What is required: Copy exactly the lines from the start of the data below through the one that carries "Office space for", and only those.

Short descriptive text snippets:
========
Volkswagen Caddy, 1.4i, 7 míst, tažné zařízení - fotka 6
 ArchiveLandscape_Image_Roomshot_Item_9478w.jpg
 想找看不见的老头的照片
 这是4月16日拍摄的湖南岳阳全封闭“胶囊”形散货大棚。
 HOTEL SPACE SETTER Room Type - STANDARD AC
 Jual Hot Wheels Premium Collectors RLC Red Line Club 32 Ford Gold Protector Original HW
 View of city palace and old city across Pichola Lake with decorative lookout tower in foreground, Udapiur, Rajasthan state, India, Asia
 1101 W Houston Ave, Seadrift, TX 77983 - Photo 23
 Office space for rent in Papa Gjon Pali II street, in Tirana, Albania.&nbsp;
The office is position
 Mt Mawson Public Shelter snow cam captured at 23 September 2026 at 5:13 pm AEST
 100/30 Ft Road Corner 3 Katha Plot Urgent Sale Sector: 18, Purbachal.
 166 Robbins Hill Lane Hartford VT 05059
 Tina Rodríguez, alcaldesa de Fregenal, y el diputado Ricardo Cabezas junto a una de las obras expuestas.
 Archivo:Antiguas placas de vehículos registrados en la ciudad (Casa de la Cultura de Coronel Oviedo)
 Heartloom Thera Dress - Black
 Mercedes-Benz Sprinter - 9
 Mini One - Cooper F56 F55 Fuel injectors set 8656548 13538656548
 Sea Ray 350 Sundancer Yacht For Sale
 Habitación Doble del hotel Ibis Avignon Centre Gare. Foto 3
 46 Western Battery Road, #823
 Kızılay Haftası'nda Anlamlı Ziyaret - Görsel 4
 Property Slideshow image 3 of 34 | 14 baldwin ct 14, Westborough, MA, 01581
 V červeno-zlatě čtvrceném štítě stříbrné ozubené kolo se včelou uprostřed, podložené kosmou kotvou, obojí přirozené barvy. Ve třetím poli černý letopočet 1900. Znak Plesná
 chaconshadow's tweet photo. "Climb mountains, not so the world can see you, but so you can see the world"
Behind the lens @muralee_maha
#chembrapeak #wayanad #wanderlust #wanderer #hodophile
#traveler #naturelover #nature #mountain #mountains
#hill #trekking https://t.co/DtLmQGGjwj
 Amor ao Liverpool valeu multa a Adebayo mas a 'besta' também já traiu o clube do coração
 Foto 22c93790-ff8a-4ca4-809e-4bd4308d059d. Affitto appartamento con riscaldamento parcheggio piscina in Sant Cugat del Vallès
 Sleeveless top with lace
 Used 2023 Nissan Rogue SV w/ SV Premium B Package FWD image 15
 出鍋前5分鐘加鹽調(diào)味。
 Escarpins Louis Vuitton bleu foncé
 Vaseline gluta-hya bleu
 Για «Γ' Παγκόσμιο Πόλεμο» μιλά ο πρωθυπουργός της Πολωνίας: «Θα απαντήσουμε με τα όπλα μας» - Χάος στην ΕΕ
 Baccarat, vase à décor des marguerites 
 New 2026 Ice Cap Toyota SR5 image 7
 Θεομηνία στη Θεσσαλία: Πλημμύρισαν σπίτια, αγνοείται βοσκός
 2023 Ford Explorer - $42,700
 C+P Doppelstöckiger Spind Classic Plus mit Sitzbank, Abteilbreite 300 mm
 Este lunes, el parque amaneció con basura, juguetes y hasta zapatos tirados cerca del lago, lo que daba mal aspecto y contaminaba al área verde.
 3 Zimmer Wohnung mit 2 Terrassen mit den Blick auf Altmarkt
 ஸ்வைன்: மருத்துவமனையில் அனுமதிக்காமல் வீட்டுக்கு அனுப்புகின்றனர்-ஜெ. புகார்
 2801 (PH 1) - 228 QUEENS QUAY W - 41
========
Exercise response:
Volkswagen Caddy, 1.4i, 7 míst, tažné zařízení - fotka 6
 ArchiveLandscape_Image_Roomshot_Item_9478w.jpg
 想找看不见的老头的照片
 这是4月16日拍摄的湖南岳阳全封闭“胶囊”形散货大棚。
 HOTEL SPACE SETTER Room Type - STANDARD AC
 Jual Hot Wheels Premium Collectors RLC Red Line Club 32 Ford Gold Protector Original HW
 View of city palace and old city across Pichola Lake with decorative lookout tower in foreground, Udapiur, Rajasthan state, India, Asia
 1101 W Houston Ave, Seadrift, TX 77983 - Photo 23
 Office space for rent in Papa Gjon Pali II street, in Tirana, Albania.&nbsp;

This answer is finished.